• [Exercise prompt] This exercise calls for the line with "Rickey Fuller Photo 27", the line with "Water Pump Fits", and all lines between them in the material below, output exactly and with no other lines.

• [Data for this task]
+ + + + +

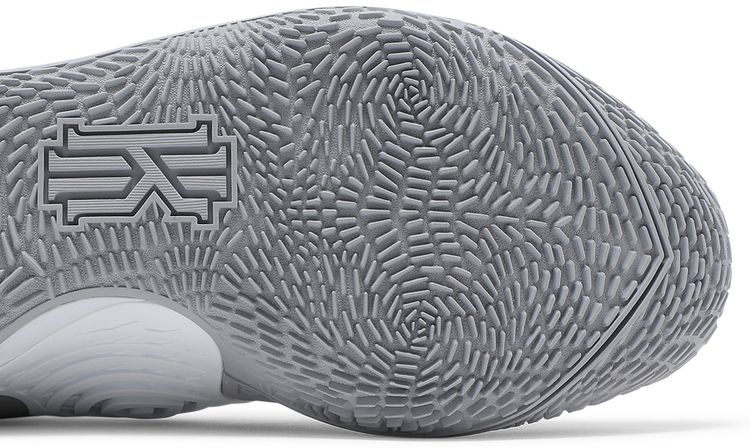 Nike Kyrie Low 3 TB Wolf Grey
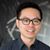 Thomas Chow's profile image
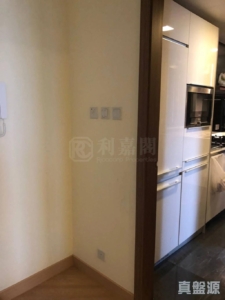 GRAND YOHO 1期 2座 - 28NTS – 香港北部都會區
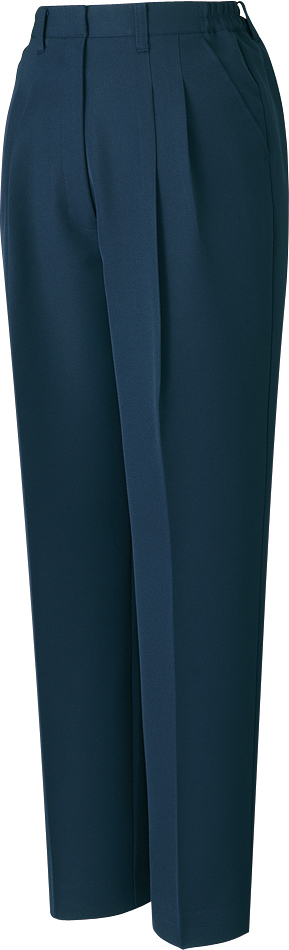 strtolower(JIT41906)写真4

+ + + + +

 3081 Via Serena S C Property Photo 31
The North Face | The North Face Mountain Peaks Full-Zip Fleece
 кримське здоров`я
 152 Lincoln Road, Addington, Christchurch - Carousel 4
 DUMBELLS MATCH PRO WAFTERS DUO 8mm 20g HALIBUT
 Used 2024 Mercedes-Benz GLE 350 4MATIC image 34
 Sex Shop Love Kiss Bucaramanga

+ + + + +

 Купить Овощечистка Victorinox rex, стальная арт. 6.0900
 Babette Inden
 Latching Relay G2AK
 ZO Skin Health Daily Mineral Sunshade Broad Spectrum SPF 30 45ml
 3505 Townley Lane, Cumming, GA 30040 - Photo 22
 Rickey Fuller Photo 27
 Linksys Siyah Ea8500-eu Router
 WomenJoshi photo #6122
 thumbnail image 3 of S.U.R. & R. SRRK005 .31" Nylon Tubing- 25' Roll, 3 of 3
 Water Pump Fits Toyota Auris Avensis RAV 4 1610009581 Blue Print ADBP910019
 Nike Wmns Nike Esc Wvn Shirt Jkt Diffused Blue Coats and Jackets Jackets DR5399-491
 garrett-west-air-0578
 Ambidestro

+ + + + +

• [Response]
 Rickey Fuller Photo 27
 Linksys Siyah Ea8500-eu Router
 WomenJoshi photo #6122
 thumbnail image 3 of S.U.R. & R. SRRK005 .31" Nylon Tubing- 25' Roll, 3 of 3
 Water Pump Fits Toyota Auris Avensis RAV 4 1610009581 Blue Print ADBP910019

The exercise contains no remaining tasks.